Nuevocentro Shopping is a shopping mall of Montevideo, Uruguay. It is located in the neighborhood Jacinto Vera.

The name of the shopping center arose from a contest in 2009 called "Name your New Shopping", in which 20,000 proposals participated. The name chosen was Nuevocentro and reflects what the new commercial proposal will mean for the city of Montevideo.

== The mall ==
With an investment of 60 million dollars, Nuevocentro shopping is the fifth shopping center with these characteristics in the Uruguayan capital. The project was presented in 2008, and had the endorsement of the then President Tabaré Vázquez. Once the municipal authorizations were ready, at the end of March 2011 the works began, which lasted two and a half years. The shopping center was built on the land provided by the Cutcsa transport company, which also has an economic stake in the shopping center. The workshops of this company were located in said land until 2011.
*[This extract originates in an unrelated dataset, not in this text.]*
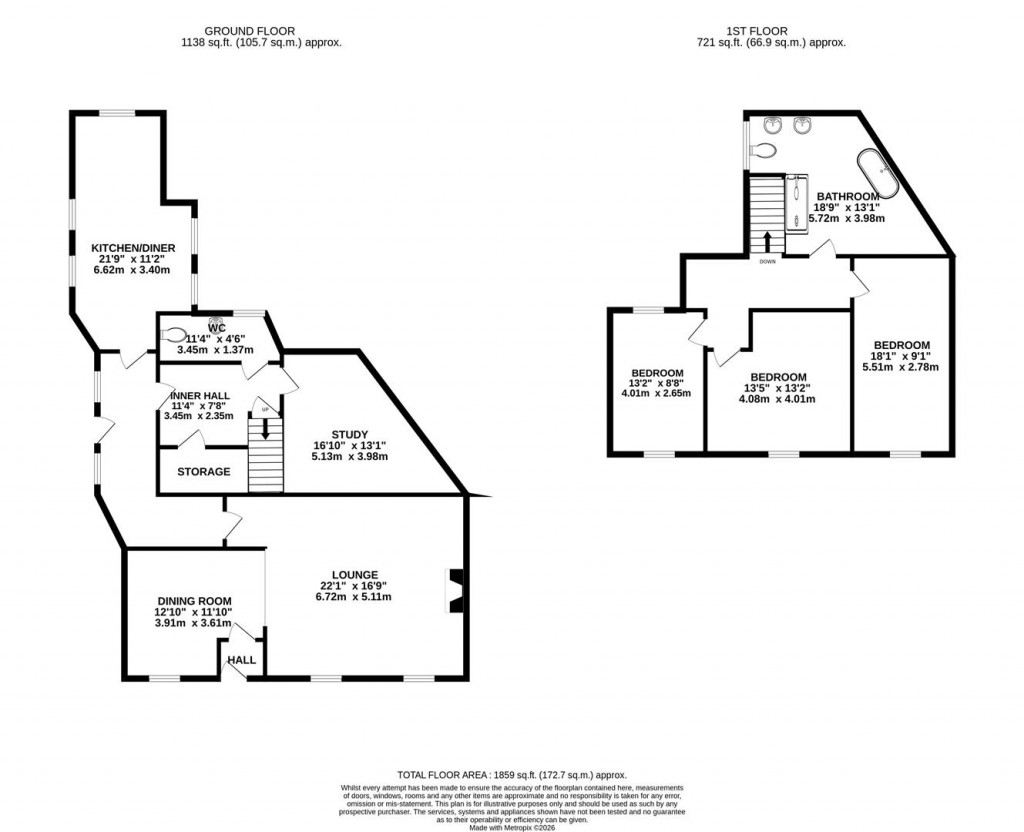 Floorplans For White Swan, High Street, Welford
The commercial project was carried out by Estudio Gómez Platero and the works were carried out by the companies Ebital and Saceem. The total building corresponds to 73610 m2, of which 32260 m2 correspond to the commercial area of the shopping, 37300 m2 to the closed parking and 4050 m2 to the cinema area, also having an open parking of 2450 m2.

The mall has 130 commercial stores, a 6500 m2 hypermarket spread over 3 levels, a food court for 600 people, a parking lot with 1,000 spaces, a 1000 m2 amusement center, and a complex with five movie theaters. The shopping center also has a set of colorful lights and an artificial waterfall on one of its facades.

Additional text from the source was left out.